Grifols SA's proposed purchase of Talecris must still receive approval from the U.S. Federal Trade Commission.
The Spanish firm's executives said today they are confident the deal will be approved, largely because it is smaller than Australia's CSL Ltd.
CSL tried to buy Talecris in 2008 for $3.1 billion, but the deal ran into problems with antitrust regulators.
In a research note about the Grifols-Talecris deal, Wells Fargo Senior Analyst Aaron Reames notes that the combined companies would control 31 percent of the blood plasma market in the U.S.
That's less than the 43 percent market share a CSL-Talecris merger would have captured, and less than the 36 percent market share competitor Baxter already has.
Grifols does have a presence in the U.S. The company has a manufacturing facility and some offices in Los Angeles and about 80 plasma centers around the country.
That's a bigger network of plasma centers than Talecris, which has 69 in the U.S.

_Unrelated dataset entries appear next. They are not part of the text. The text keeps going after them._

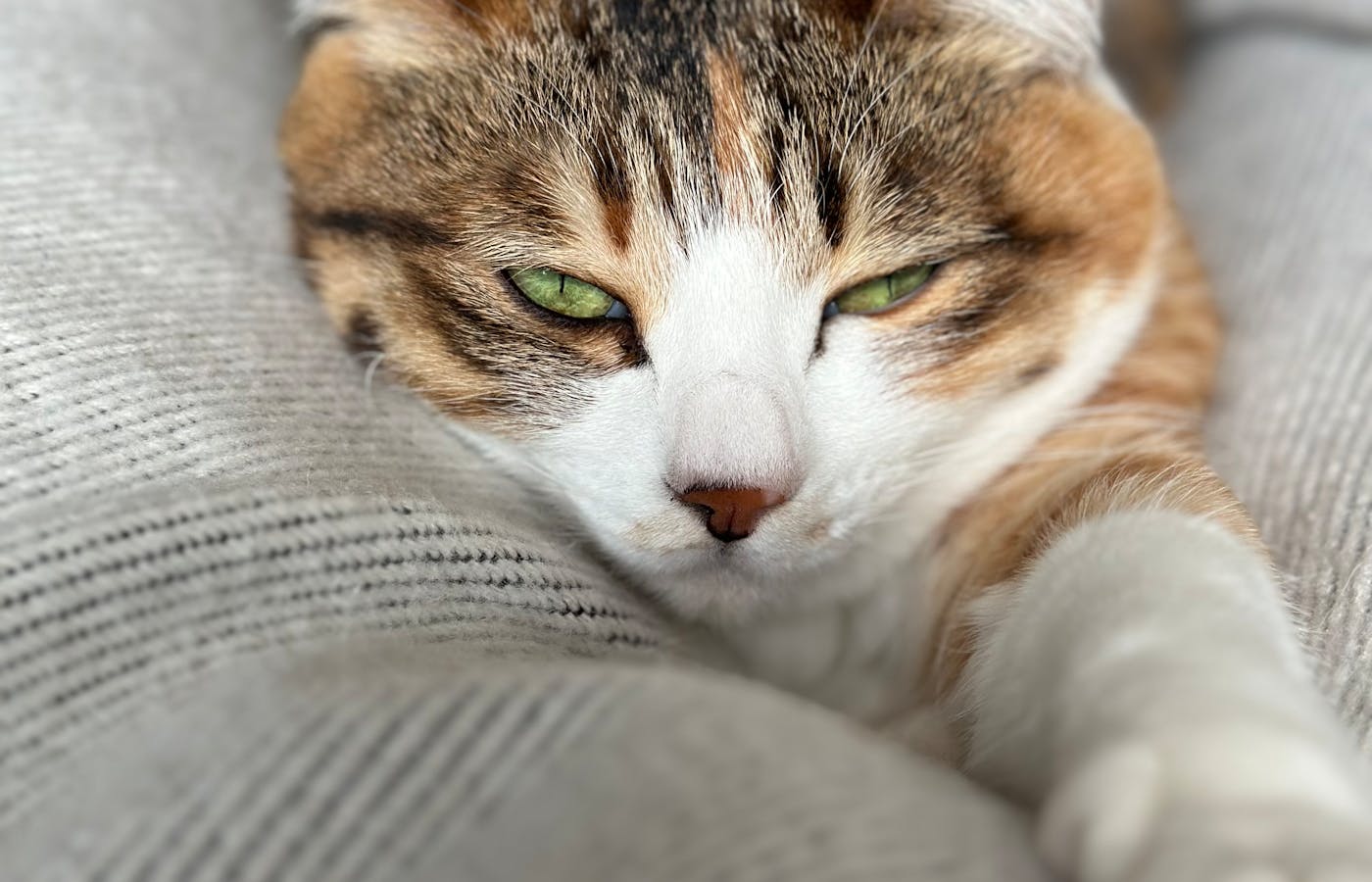 Calico cat resting against a gray blanket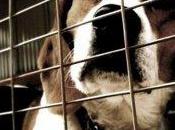 Processo Green Hill: condannati vertici dell'allevamento-lager beagle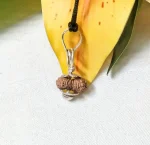 17 Mukhi Rudraksha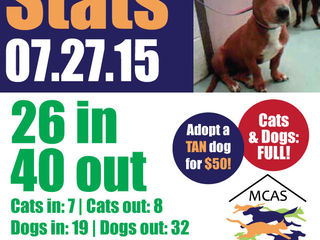 MCAS Intakes & Daily Stats - 7.27.15 - 26 pets in, 40 pets out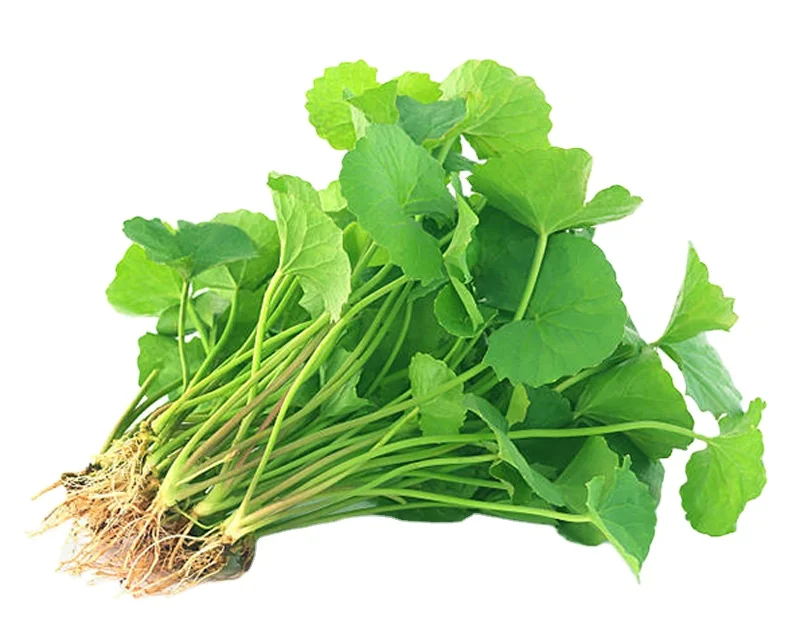 CENTELLA ASIATICA LEAVES / GOTU KOLA LEAVES / PENNYWORT LEAVES POWDER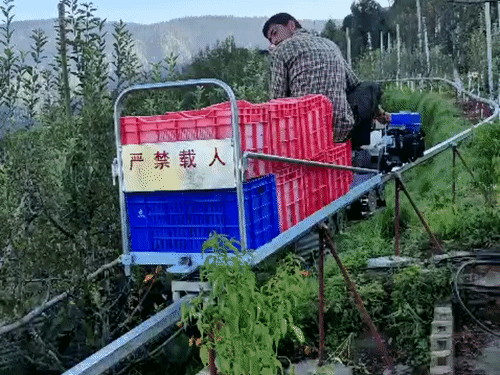 Himachal Apple Farming Tech | Sunil Chauhan Installs Mono Rail System ...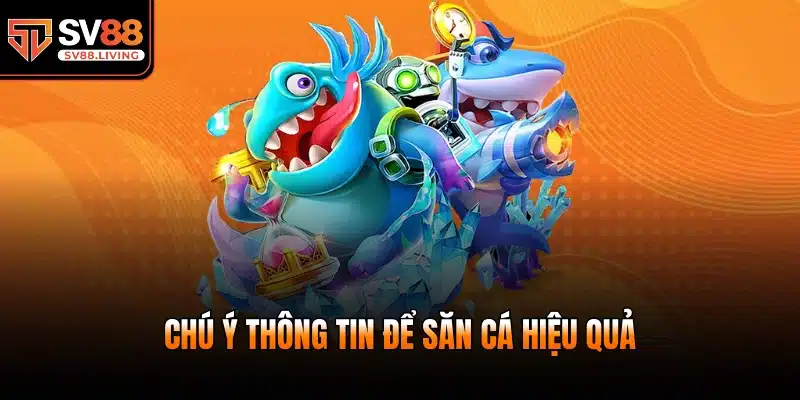 Chú ý thông tin để săn cá hiệu quả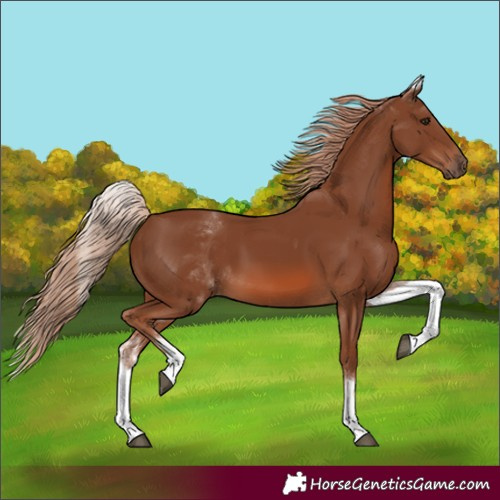 Horse Color:White Spotted Chestnut 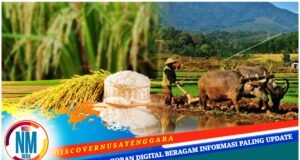 Dinilai Miliki Potensi Besar, Pemerintah Bakal Kembangkan Pertanian dan Peternakan Lunyuk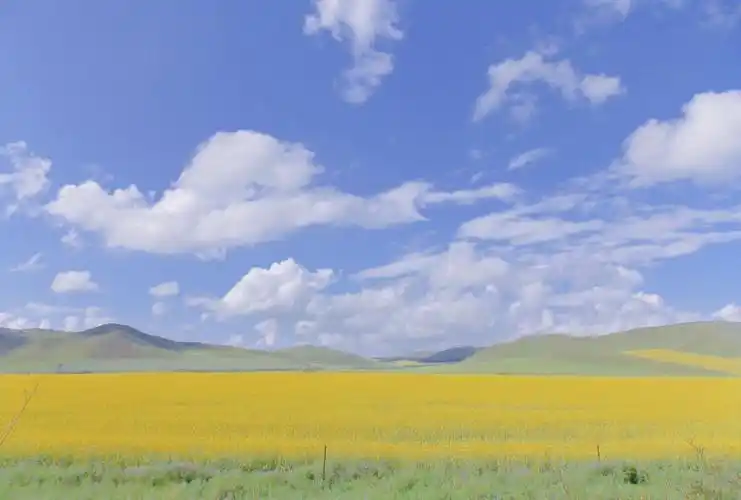 蓝天下优美迷人景色,图片,壁纸,自然风景-桌酷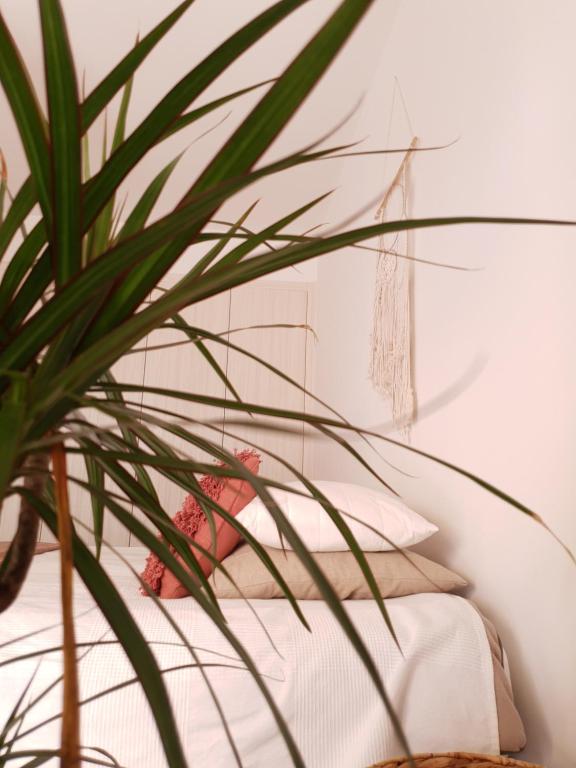 The Terrace House - Grémio — photo 1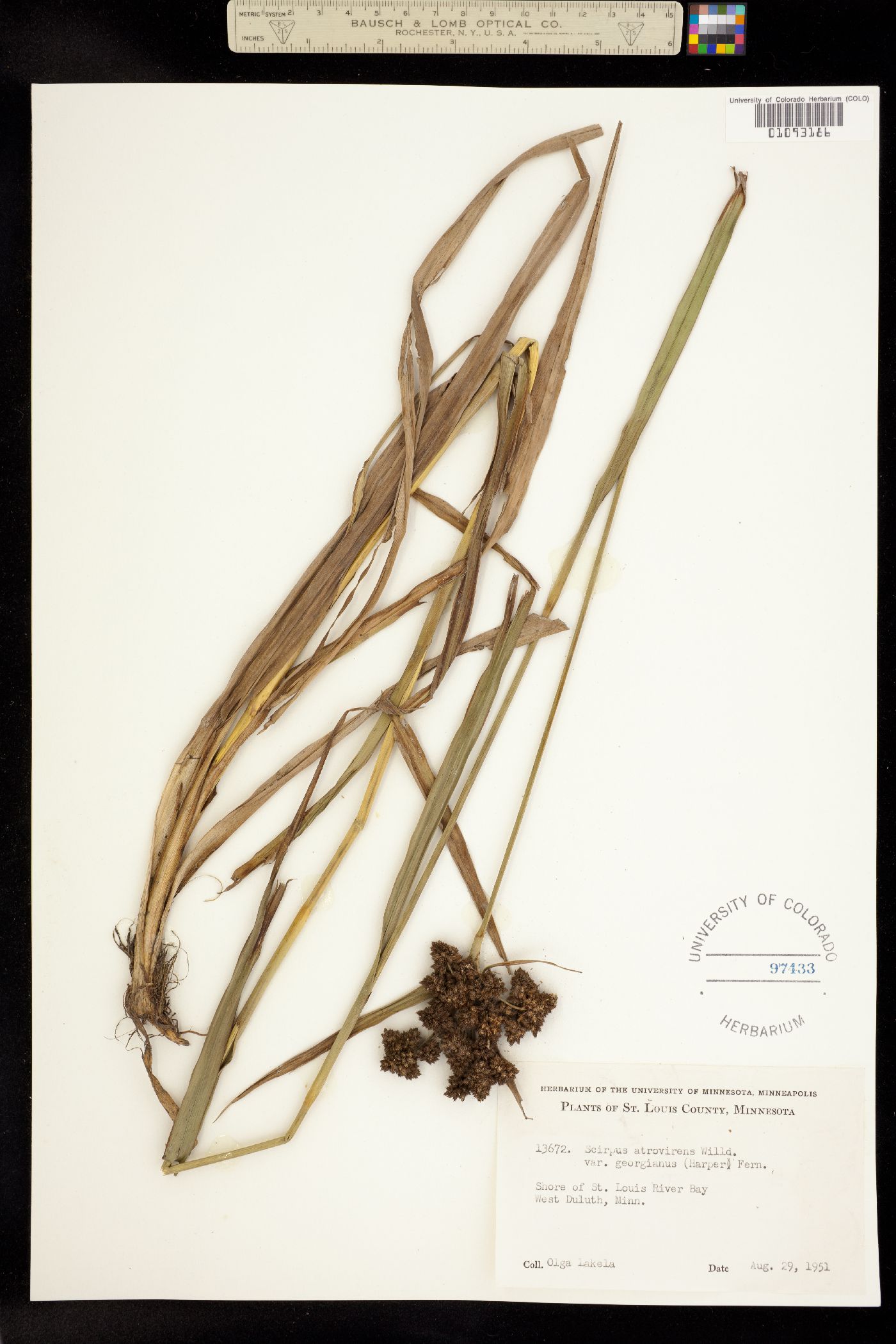 Scirpus atrovirens image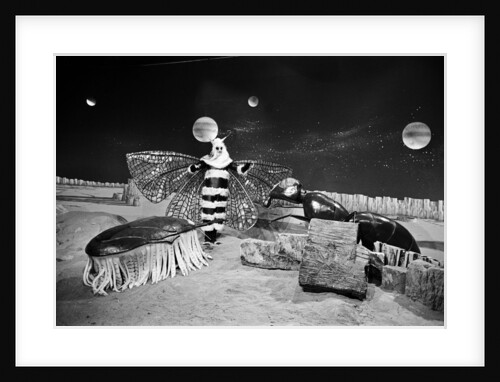 Dr Who, The Web Planet, 1965 by Alisdair MacDonald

As for why Talecris is being swallowed up just nine months after going public, the answer likely has to do with the company's largest shareholders.
Private equity firms Cerberus Capital Management and Ampersand Ventures own 49 percent of Talecris' outstanding shares and have agreed to vote in favor of the deal.
Cerberus and Ampersand paid about $450 million for Talecris in 2005.
Selling Talecris to Grifols for $26.16 per share will give the investors a sizable return on their investment.
Prior to the deal's announcement this morning, Talecris' stock had been languishing below the $19 per share price it debuted at late last year.
That was disappointing since analysts that cover the company had target prices for the stock ranging from $24 per share to $30 per share.
The merged Talecris-Grifols will have two classes of stock. The primary one will trade in Spain with a second class trading on the Nasdaq under a new ticker.
The Grifols family will have the largest ownership stake in the combined company.